Entre estas preocupaciones se encuentran precisamente los asuntos relacionados con jóvenes en distintos mercados. Meta señaló que tiene previstos varios juicios sobre esta materia en Estados Unidos durante este año y reconoció que algunos podrían derivar eventualmente en pérdidas significativas. Por ello, la multa para META en Nuevo México no puede analizarse como un episodio aislado, sino como parte de un escenario de creciente presión legal alrededor de la relación entre las plataformas digitales y la protección de los menores.
Seguridad infantil: una deuda que Meta todavía debe atender
Más allá de los 942 millones de dólares, el caso plantea una pregunta relevante para la responsabilidad social de las grandes tecnológicas: ¿hasta dónde llega la responsabilidad de una plataforma cuando su modelo de interacción puede generar consecuencias fuera de ella? La resolución de Nuevo México responde desde una perspectiva particularmente contundente: cuando los efectos perjudiciales alcanzan a familias, escuelas, hospitales y otras instituciones, el problema deja de ser exclusivamente digital.
Para Meta, esto significa que responder mediante litigios y sanciones económicas puede ser insuficiente para resolver el cuestionamiento de fondo. La protección de los menores requiere revisar cómo se diseñan las funciones de las plataformas, qué incentivos generan para mantener la interacción y qué información reciben los usuarios sobre los riesgos. También exige que las medidas de seguridad evolucionen al mismo ritmo que las herramientas y dinámicas digitales que utilizan los adolescentes.
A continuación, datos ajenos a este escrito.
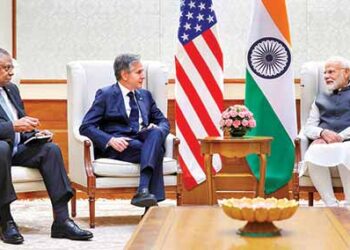 Prime Minister Narendra Modi with US Secretary of State Antony Blinken and Secretary of Defence Lloyd J Austin in New Delhi. P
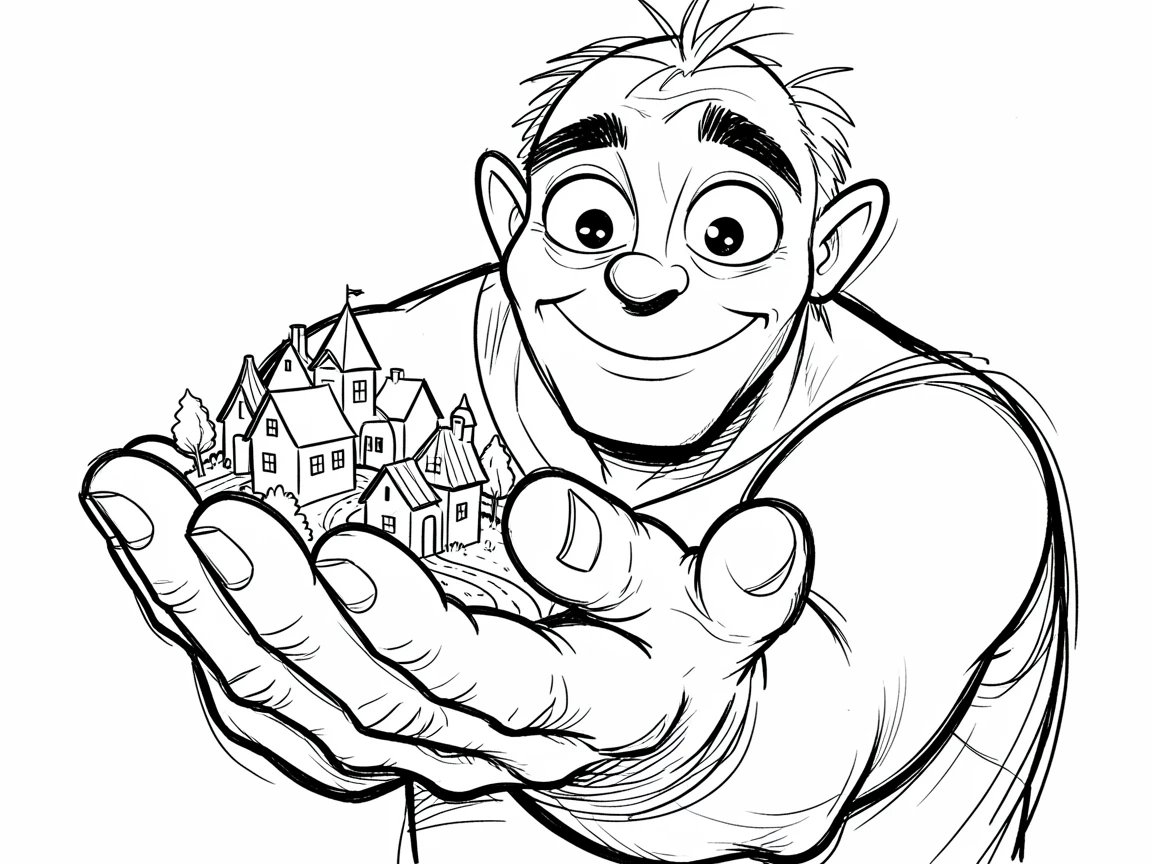 [Fantasy & Imaginative Scenarios] Imaginative fantasy scene of a mighty giant carefully cradling a tiny village in his palm, brimming with wonder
La dimensión económica de la multa para META hace visible el costo de no resolver estas tensiones, pero el costo social puede ser mucho más complejo de cuantificar. Si una empresa tecnológica reconoce que enfrenta un escrutinio creciente sobre los jóvenes en distintos mercados, la responsabilidad corporativa debería traducirse en prevención, transparencia y mecanismos efectivos de protección, no únicamente en respuestas posteriores a una sentencia.
El caso también representa un llamado para el resto de la industria. Las plataformas digitales tienen una capacidad de influencia que trasciende sus productos y alcanza la vida cotidiana de millones de personas. Por ello, la seguridad infantil debería formar parte central de sus decisiones de diseño, gobernanza y gestión de riesgos. La verdadera responsabilidad no comienza cuando llega una demanda: comienza cuando una empresa identifica que una práctica puede generar daños y decide actuar antes de que sea un tribunal quien determine sus consecuencias.